→ AVAILABLE RECORDS

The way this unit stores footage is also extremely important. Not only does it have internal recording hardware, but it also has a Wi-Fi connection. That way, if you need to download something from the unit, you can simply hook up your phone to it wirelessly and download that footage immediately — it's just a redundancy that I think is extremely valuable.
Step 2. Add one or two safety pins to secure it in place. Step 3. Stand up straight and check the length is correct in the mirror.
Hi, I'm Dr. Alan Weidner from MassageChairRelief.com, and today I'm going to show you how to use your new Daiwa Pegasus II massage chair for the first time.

==

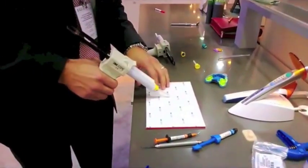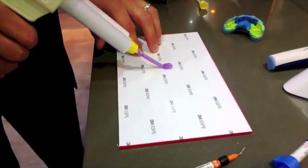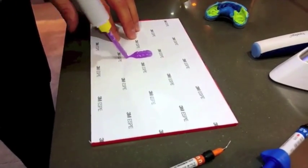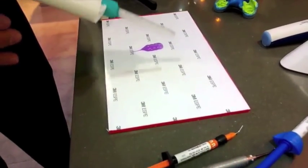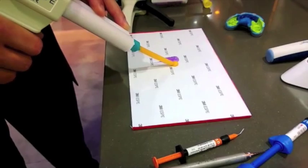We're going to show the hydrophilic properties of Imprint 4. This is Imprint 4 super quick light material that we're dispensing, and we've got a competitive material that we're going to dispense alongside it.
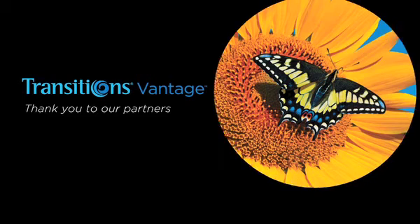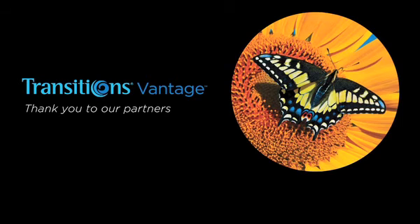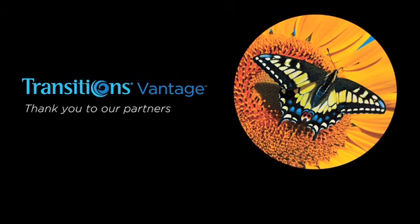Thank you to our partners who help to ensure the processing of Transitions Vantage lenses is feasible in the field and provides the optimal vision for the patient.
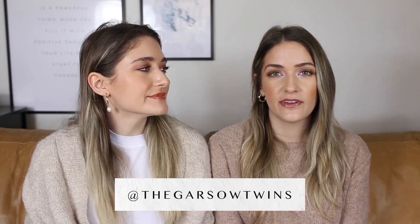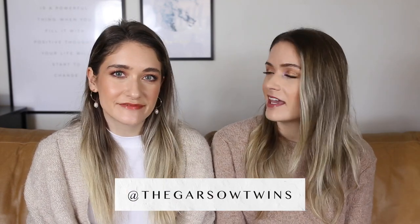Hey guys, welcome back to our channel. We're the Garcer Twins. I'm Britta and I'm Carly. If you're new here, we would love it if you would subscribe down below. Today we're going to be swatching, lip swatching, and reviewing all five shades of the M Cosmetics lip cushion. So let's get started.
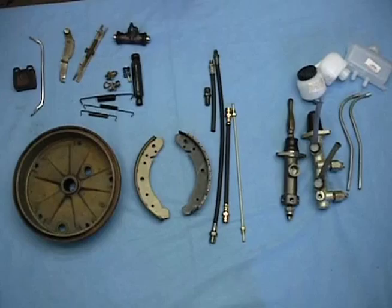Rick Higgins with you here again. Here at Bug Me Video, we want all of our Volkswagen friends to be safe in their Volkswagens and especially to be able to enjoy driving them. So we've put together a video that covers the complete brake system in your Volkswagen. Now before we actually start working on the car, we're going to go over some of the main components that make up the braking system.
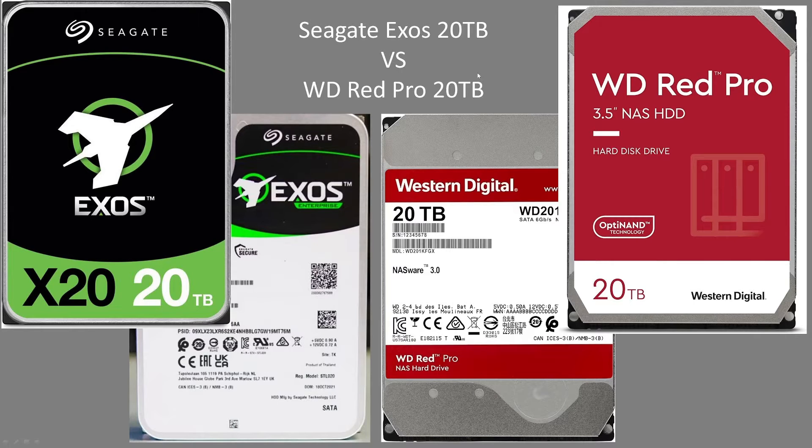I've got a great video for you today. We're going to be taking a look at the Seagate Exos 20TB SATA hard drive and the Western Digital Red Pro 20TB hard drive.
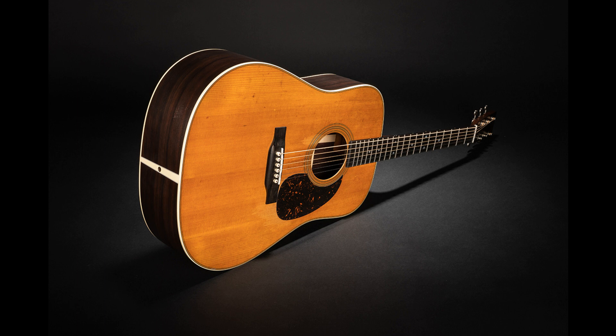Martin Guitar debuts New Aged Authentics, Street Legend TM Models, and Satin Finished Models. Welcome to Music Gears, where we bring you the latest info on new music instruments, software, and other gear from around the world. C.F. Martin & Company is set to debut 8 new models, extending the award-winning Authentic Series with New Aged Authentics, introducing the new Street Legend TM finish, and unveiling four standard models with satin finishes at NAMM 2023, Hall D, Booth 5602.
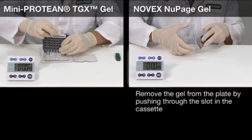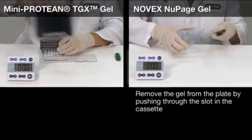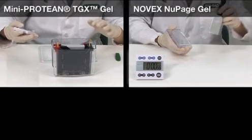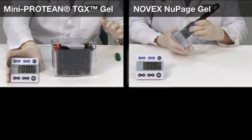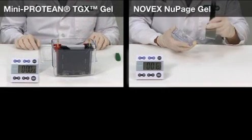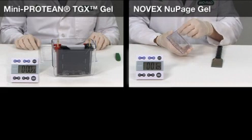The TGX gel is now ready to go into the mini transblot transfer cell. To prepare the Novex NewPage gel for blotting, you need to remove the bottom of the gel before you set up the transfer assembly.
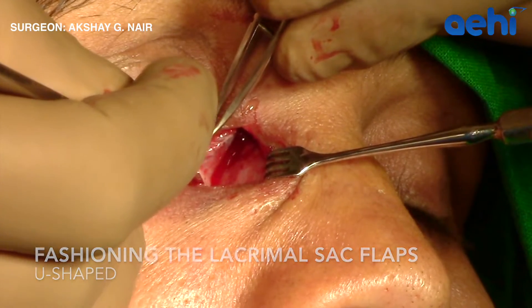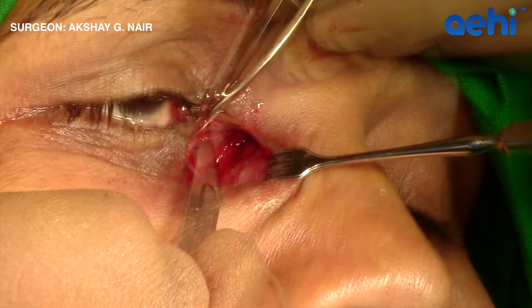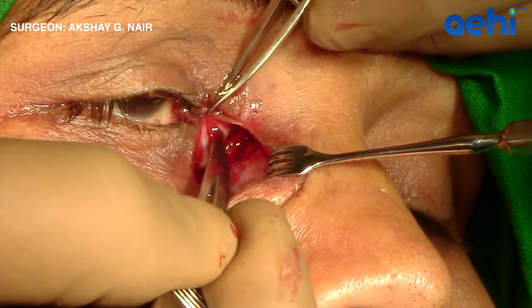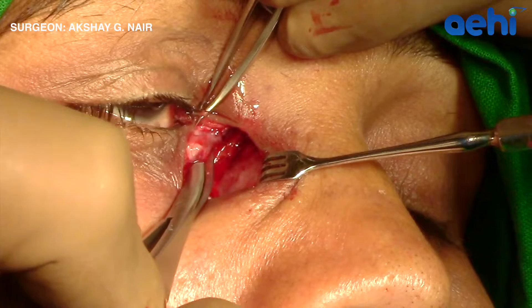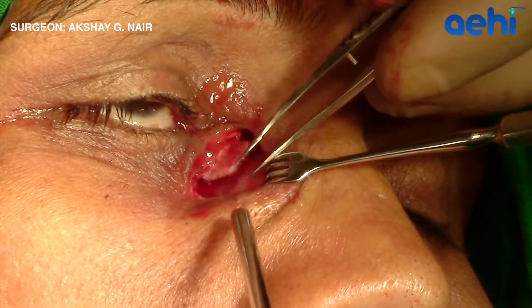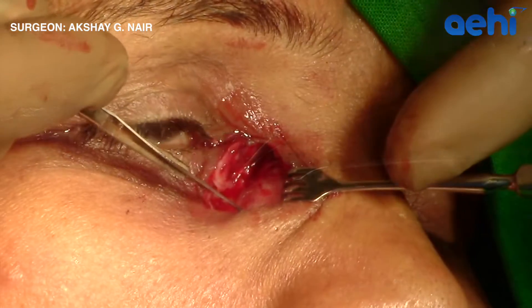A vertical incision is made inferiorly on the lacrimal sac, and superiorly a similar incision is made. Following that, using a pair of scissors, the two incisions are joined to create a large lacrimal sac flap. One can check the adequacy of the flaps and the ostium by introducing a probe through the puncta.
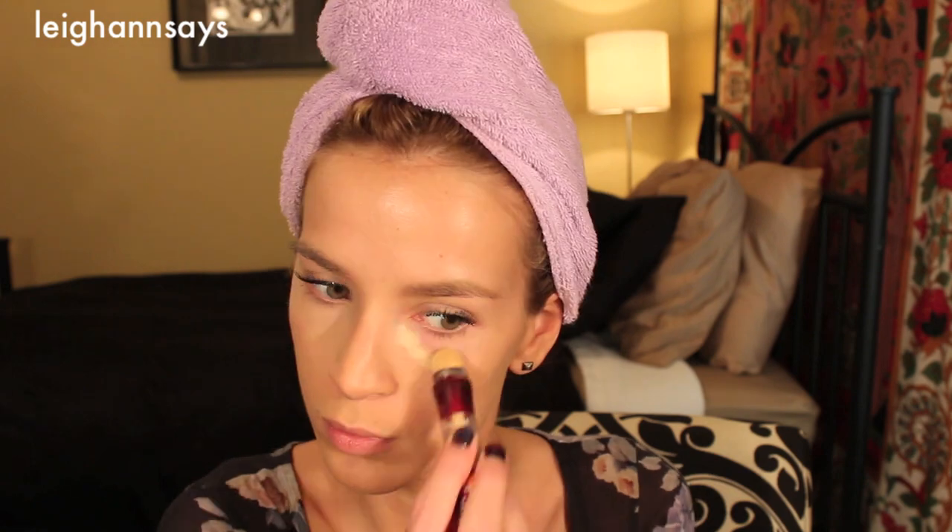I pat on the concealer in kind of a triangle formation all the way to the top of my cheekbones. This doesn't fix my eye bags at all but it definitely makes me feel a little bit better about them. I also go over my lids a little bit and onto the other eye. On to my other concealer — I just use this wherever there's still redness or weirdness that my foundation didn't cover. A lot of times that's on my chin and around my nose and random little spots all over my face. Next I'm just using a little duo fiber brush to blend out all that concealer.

→ WHAT YOU WILL DO
Everything above from the line containing "The way this" down to the line containing "Hi, I'm Dr." is to be transcribed exactly, with both of those lines included and nothing else added.

→ RESULT OF THIS EXERCISE
The way this unit stores footage is also extremely important. Not only does it have internal recording hardware, but it also has a Wi-Fi connection. That way, if you need to download something from the unit, you can simply hook up your phone to it wirelessly and download that footage immediately — it's just a redundancy that I think is extremely valuable.
Step 2. Add one or two safety pins to secure it in place. Step 3. Stand up straight and check the length is correct in the mirror.
Hi, I'm Dr. Alan Weidner from MassageChairRelief.com, and today I'm going to show you how to use your new Daiwa Pegasus II massage chair for the first time.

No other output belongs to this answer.